Disclosing Pro Forma Information for Business Combinations (#116)
/In this podcast episode, we discuss a new accounting standard pertaining to information reporting for business combinations. The key points made are noted below.
This episode is about the new Accounting Standards Update number 29 for 2010. It’s called Disclosure of Supplementary Pro Forma Information for Business Combinations. If you work for a public company and it does acquisitions, then keep listening.
First, for some background. Up until now, if a public company completes a business combination, it’s supposed to disclose the combined revenue and earnings results of the entities as though the transaction had occurred as of the beginning of the current annual reporting period. This is on what’s called a pro forma basis, so that means you report these combined results separately from the regular income statement, and you state that they’re pro forma results.
Also, the company may be presenting comparative financial statements, which means that it’s presenting the results of multiple periods side by side. If it’s making this kind of a presentation, then it should report pro forma results for the prior period, too, so the reader has comparable information for both the current period and the prior period.

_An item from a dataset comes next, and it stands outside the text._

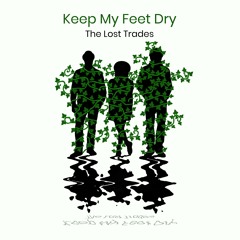 Keep My Feet Dry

The question is, how far back do you present pro forma information? Some companies have presented pro forma results for as far back as they have comparative information in their financial statements – which may be five years or even more, while others only do it for the immediately preceding year.
Well, this ASU comes down on the side of only adding pro forma information for just the last annual reporting period, and then only if the company is even providing comparative financial information. And, again, this is only for revenue and earnings. So for example, if the company completes an acquisition in the middle of 2012, it’s supposed to provide pro forma results for both entities combined as of the beginning of 2012, and – if it also provides comparative information for additional preceding years, then it only has to issue pro forma results for the combined entities for 2011.

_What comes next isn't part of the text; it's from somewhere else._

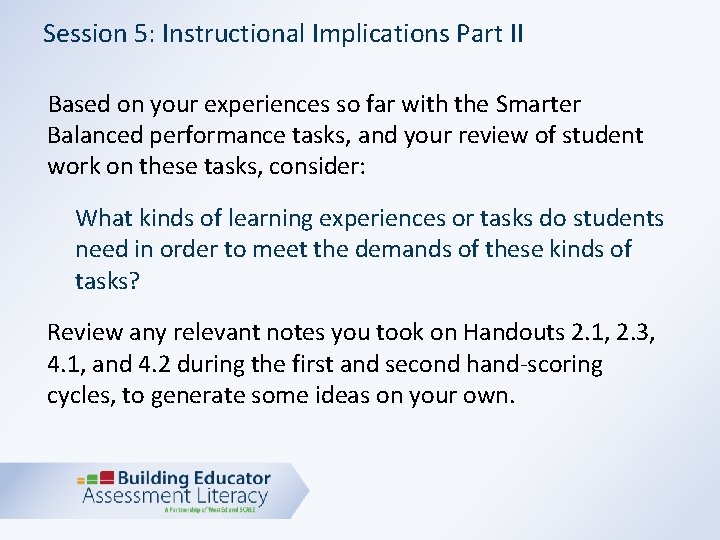 Session 5: Instructional Implications Part II Based on your experiences so far with the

In addition, you’re supposed to include a description of the nature and amount of material, nonrecurring pro forma adjustments that’re directly attributable to the business combination.
Why do this? Well, the second part about new requirements are easy enough. These’re new disclosures, so obviously the FASB thinks this improves the usefulness of the total package of information that a reader of financial statements receives.

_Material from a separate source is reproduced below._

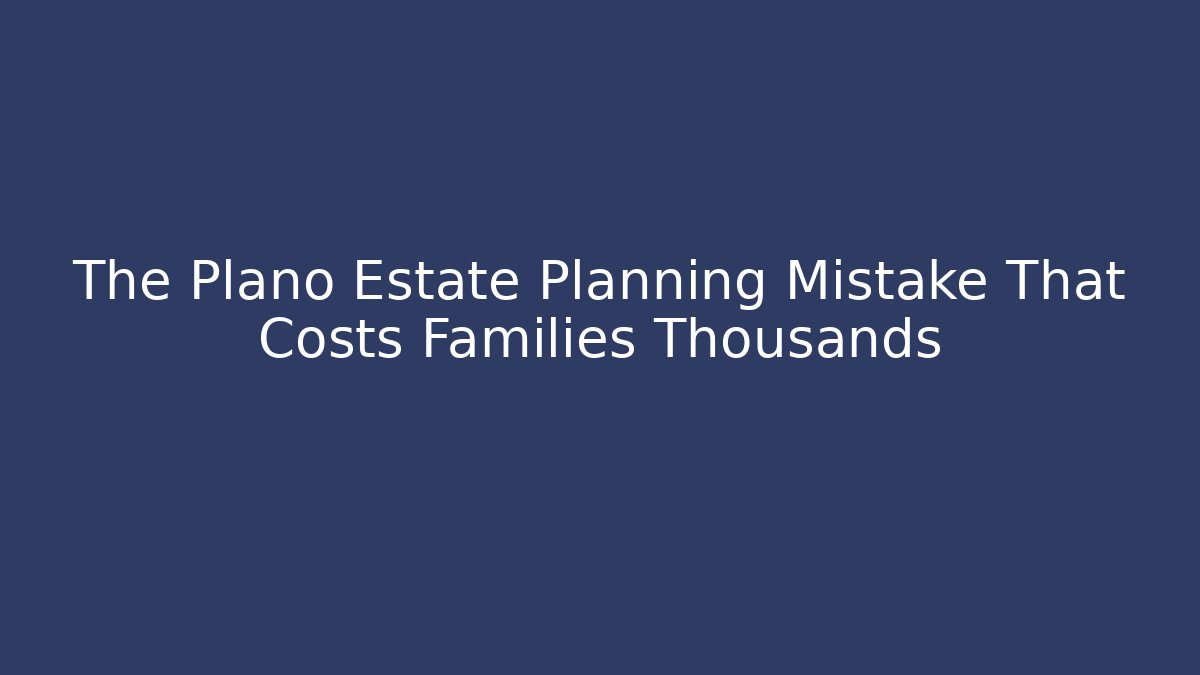 The Plano Estate Planning Mistake That Costs Families Thousands - WealthxGroup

As for the first part, the FASB received a half-dozen letters about this issue, and nobody really seemed to care too much about whether you issue pro forma results for just the prior year, or for a bunch of prior years. So, this was probably a case of judging in favor of the reporting requirement that was easier to complete.
These changes should be less expensive than the current situation for those companies that were reporting pro forma results for all of the prior years listed in their comparative financial statements, since now they’re doing it just for the immediately preceding year.
If you’re with a company that was only doing it for just the immediately preceding year, then your will go up a bit, since now you have to layer on the new disclosures about material, nonrecurring adjustments.
On the whole, the core of this change was about standardizing the current disclosure practices, so it’s not really a big deal.
And a final point is that these are all changes to generally accepted accounting principles, not to international financial reporting standards. The international standards do not require pro forma disclosures, and they also don’t call for any of the extra disclosures that we just talked about.